A Chinese clerk counts RMB Jie Zhao/Getty Images

China’s Misguided Exchange-Rate Machinations

In August 2015, the People’s Bank of China established that central parity of the renminbi's exchange rate against the US dollar would be set with reference to the previous trading day’s closing price. But that much-needed step toward a more flexible, market-driven exchange rate was quickly – and wrongly – abandoned.

BEIJING – On August 11, 2015, the People’s Bank of China (PBOC) established that the central parity of the renminbi’s exchange rate against the US dollar would be set with reference to the previous trading day’s closing price, within a 2% band. It was a bold step toward a more flexible, market-driven exchange rate.

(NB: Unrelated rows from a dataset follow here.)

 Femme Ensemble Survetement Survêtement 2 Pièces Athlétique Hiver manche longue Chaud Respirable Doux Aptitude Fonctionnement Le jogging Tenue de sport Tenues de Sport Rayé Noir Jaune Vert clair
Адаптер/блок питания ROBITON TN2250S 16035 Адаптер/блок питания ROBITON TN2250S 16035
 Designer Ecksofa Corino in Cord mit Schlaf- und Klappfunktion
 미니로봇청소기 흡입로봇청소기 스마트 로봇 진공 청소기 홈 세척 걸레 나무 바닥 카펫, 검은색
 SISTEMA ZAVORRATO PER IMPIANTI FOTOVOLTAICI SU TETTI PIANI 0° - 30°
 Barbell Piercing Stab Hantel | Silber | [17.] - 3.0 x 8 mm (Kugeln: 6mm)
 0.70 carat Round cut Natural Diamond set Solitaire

But the announcement of the reform caused the market to panic, triggering a 3% decline in the renminbi in just four trading days. So it was quickly abandoned.

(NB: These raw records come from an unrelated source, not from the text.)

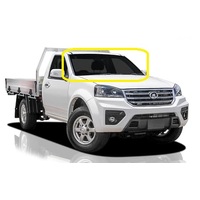 GREAT WALL STEED - 7/2016 TO CURRENT - 2DR/4DR  UTE - FRONT WINDSCREEN GLASS - RAIN SENSOR BRACKET, ANTENNA - NEW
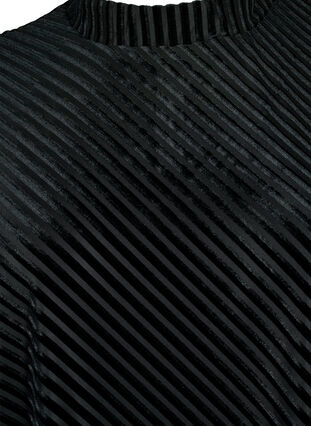 Strukturiertes Kleid aus Velours, Black, Packshot image number 2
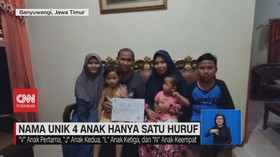 VIDEO: Nama Unik 4 Anak Hanya Satu Huruf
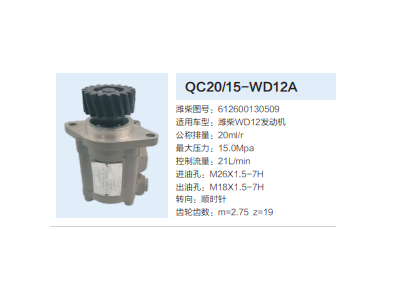 612600130509,齒輪泵,濟南泉達汽配有限公司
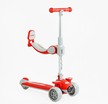 Самокат 5в1 Skyper J-08328, колеса PU 125х40мм зі світлом, укр.озвучування та підсвічування платформи, сіро-червоний фото westvelo.com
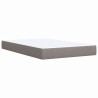 Boxspringbett mit Matratze Taupe 120x190 cm Stoff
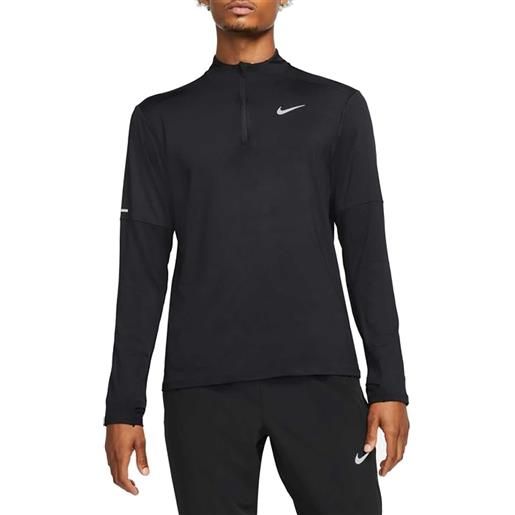 NIKE maglia manica lunga 1/2 zip dri-fit element
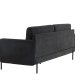 VENTURE DESIGN Antibes 2-pers. sofa - mrkegr velourstof og metal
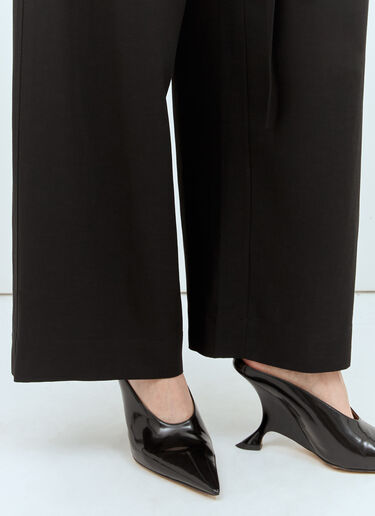 Tie-Waist Pants TOTEME Tie-Waist Pants Black tot0257018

That policy reversal, while understandable, is regrettable. For the rest of 2015, the PBOC struggled to prevent the renminbi from weakening. Having spent a huge amount of foreign-exchange reserves, it decided in February 2016 to introduce a new rule for setting the central parity rate.

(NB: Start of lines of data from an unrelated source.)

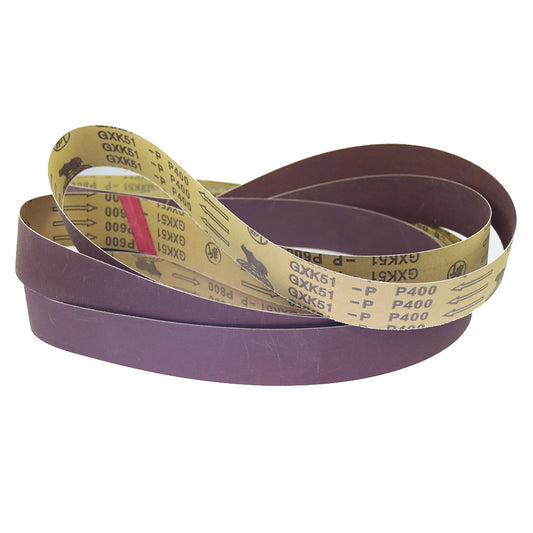 10 pcs 610/915/1220/1600/1829/2000mm A/O Sanding Belt for Metal Polishing Belt Grinder Accessories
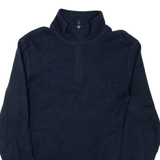 NAUTICA Mens Jumper Blue 1/4 Zip Tight Knit M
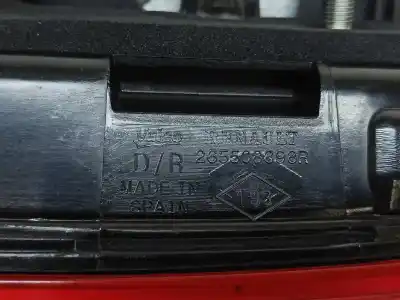 Автозапчастина б/у правий ліхтар для renault kadjar business посилання на oem iam 265508898r  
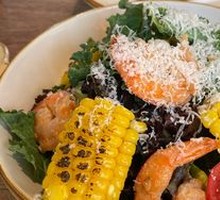 Grilled Corn and Shrimp Salad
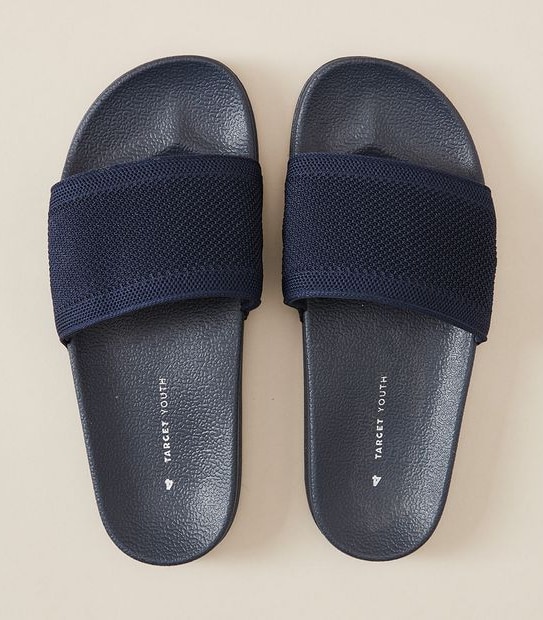 Kids Senior Knitted Slides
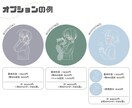 シンプル線画の横顔アイコンお描きします 商用◎お気軽にご相談ください︎¨̮♡ イメージ5
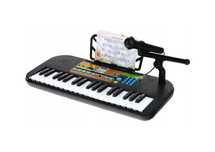 Keyboard Pianino Organy Pianinko Mikrofon dla Dzieci Nauka Grania I1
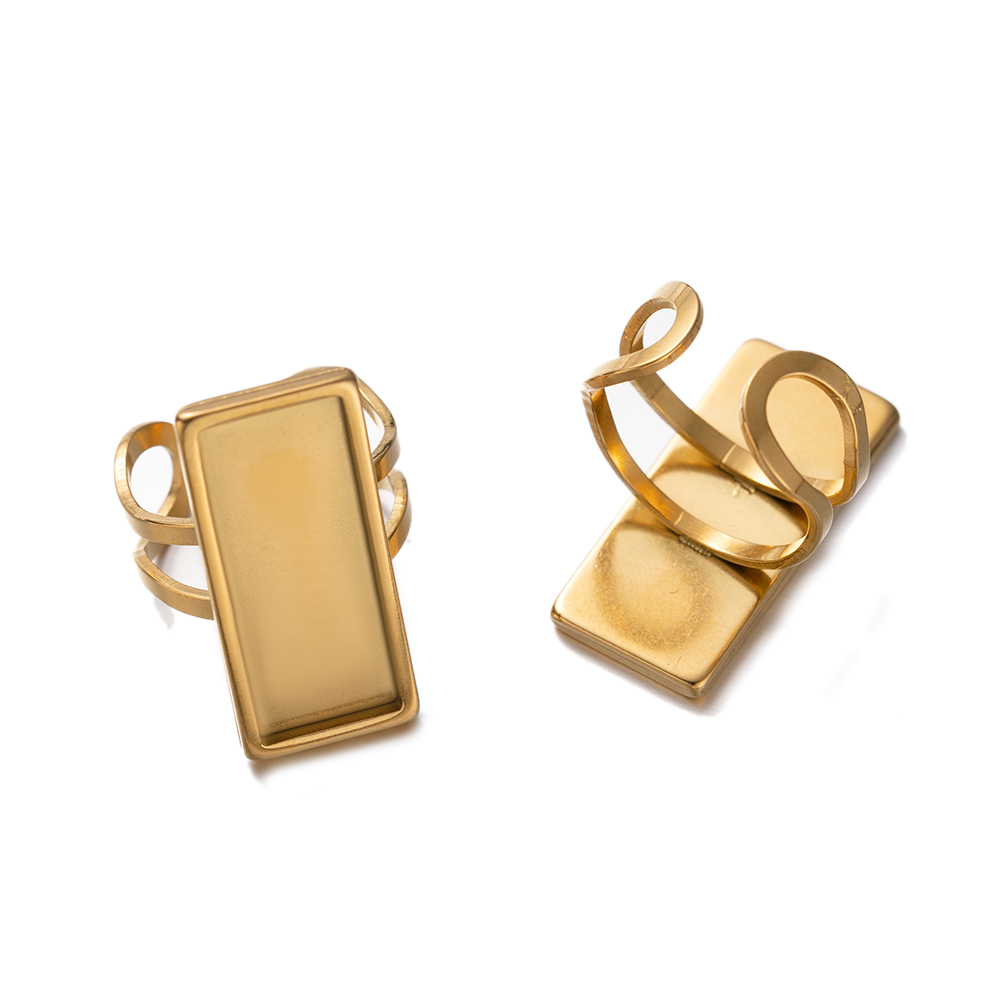 4 pezzi in acciaio inossidabil - Ring Blank Adjustable recensione e prezzo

According to the replacement rule, the central parity rate would take into account not just the previous trading day’s closing price, but also the “theoretical exchange rate” that would keep the index of the China Foreign Exchange Trade System, a 24-currency basket, unchanged over the previous 24 hours. In other words, whenever there was a change in the US dollar index, the PBOC would have to intervene in the foreign-exchange market to align the market-determined renminbi-dollar exchange rate with the theoretical exchange rate that kept the CFETS index stable.